Correcting Class Imbalance

Oversampling and undersampling methods

Models providing oversampling or undersampling methods, to correct for class imbalance, are listed under Class Imbalance. In particular, several popular algorithms are provided by the Imbalance.jl package, which includes detailed documentation and tutorials.

Incorporating class imbalance in supervised learning pipelines

One or more oversampling/undersampling algorithms can be fused with an MLJ classifier using the BalancedModel wrapper. This creates a new classifier which can be treated like any other; resampling to correct for class imbalance, relevant only for training of the atomic classifier, is then carried out internally. If, for example, one applies cross-validation to the wrapped classifier (using evaluate!, say) then this means over/undersampling is then repeated for each training fold automatically.

Refer to the MLJBalancing.jl documentation for further details.
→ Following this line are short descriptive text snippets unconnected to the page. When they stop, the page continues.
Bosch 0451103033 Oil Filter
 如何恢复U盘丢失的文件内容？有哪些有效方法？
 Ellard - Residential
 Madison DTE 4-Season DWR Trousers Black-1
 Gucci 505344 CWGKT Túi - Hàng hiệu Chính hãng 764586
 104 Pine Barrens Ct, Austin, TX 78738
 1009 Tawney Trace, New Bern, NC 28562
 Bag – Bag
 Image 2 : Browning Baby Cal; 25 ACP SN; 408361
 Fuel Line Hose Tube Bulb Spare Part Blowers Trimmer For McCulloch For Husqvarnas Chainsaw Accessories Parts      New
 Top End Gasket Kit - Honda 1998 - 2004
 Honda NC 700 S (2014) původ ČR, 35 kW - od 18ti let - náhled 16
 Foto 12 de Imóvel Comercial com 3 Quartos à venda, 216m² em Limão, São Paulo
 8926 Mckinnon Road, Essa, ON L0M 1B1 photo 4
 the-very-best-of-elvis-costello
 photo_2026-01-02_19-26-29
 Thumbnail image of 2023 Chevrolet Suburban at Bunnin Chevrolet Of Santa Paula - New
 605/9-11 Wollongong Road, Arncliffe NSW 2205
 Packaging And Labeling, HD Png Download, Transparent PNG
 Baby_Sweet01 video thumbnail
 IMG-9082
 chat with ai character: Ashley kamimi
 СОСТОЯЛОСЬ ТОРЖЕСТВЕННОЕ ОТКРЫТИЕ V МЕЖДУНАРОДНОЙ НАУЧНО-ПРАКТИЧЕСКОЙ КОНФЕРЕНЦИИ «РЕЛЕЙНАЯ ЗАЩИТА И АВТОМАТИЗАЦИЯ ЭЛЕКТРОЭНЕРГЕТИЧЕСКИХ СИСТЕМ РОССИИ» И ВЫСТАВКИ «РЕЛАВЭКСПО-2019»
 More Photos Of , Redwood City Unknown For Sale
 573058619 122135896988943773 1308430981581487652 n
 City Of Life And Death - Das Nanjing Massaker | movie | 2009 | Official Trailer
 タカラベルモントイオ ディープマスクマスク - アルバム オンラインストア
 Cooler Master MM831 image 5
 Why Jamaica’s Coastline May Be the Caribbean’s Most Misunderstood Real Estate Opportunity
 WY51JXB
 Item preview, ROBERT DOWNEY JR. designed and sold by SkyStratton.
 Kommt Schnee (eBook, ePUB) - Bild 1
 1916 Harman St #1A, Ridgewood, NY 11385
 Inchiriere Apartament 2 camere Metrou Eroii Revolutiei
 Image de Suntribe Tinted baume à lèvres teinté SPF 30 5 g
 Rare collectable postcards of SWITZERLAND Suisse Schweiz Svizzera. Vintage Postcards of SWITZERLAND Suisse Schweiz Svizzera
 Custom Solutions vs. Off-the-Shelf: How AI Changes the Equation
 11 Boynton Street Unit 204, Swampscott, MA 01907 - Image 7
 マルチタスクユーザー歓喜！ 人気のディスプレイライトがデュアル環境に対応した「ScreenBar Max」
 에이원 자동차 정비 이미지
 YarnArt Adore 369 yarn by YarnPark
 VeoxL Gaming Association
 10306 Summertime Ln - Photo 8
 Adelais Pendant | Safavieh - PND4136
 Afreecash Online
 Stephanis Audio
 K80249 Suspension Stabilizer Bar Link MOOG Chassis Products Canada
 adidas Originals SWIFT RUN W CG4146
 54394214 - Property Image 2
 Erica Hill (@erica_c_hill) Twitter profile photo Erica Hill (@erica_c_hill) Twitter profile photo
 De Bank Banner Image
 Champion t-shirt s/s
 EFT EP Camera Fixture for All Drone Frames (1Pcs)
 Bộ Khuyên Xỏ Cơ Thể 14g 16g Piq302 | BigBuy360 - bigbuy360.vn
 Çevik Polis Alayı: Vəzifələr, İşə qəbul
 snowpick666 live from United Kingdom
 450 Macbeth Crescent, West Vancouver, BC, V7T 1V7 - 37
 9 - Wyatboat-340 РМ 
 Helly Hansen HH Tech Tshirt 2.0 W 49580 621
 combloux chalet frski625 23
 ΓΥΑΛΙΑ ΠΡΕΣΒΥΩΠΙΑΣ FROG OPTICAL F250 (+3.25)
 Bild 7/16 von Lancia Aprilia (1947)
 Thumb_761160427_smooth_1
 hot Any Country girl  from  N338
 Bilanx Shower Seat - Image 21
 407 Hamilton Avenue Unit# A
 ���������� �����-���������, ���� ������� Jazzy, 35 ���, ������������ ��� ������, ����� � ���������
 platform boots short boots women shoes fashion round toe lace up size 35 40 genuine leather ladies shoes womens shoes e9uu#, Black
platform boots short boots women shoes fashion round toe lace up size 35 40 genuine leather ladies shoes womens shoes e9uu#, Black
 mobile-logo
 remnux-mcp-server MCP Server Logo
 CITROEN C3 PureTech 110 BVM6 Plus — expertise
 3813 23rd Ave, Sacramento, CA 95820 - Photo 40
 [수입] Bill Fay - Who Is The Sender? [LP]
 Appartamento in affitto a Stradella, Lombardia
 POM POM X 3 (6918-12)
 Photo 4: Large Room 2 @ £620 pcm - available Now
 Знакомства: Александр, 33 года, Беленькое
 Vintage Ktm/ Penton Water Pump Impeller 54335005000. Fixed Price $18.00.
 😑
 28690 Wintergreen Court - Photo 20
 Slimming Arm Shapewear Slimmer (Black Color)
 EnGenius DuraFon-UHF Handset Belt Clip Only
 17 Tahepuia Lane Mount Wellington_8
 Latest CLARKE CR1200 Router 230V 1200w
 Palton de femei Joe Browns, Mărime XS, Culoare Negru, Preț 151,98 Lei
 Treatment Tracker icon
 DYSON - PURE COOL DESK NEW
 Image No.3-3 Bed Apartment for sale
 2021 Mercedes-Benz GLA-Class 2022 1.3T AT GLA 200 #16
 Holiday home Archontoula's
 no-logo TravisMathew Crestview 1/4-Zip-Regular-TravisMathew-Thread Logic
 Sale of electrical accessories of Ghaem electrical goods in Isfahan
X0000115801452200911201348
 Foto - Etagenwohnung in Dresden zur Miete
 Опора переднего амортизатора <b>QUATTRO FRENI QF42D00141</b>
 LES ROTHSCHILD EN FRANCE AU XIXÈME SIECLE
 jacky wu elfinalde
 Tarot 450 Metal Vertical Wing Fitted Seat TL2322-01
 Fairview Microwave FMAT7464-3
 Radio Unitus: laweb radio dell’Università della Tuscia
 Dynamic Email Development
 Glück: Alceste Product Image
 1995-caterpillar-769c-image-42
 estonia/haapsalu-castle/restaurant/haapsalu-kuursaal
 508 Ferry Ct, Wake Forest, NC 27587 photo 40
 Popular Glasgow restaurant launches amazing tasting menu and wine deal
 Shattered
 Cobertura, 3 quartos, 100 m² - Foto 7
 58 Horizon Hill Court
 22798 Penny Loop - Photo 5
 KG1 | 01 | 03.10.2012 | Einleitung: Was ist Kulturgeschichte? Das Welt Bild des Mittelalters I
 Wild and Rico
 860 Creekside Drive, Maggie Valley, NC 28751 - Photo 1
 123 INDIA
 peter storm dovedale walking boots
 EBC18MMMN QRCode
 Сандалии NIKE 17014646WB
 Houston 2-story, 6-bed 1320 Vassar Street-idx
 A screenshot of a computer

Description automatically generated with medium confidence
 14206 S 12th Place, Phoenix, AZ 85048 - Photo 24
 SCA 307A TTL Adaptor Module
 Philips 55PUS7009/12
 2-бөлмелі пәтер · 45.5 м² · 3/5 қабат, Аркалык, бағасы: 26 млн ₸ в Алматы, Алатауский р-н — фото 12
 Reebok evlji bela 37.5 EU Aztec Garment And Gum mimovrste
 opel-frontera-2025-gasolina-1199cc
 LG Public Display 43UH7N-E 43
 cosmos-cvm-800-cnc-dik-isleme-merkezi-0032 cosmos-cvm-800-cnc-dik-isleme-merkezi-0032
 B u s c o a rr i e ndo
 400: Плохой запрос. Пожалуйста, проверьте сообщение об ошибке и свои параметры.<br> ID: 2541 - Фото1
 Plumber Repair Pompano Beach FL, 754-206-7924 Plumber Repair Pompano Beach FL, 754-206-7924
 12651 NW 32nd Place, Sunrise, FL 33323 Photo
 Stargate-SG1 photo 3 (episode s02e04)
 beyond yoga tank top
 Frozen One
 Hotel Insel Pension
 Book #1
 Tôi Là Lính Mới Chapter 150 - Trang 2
BalancedModel(; model=nothing, balancer1=balancer_model1, balancer2=balancer_model2, ...)
BalancedModel(model;  balancer1=balancer_model1, balancer2=balancer_model2, ...)

Given a classification model, and one or more balancer models that all implement the MLJModelInterface, BalancedModel allows constructing a sequential pipeline that wraps an arbitrary number of balancing models and a classifier together in a sequential pipeline.


  • During training, data is first passed to balancer1 and the result is passed to balancer2 and so on, the result from the final balancer is then passed to the classifier for training.
  • During prediction, the balancers have no effect.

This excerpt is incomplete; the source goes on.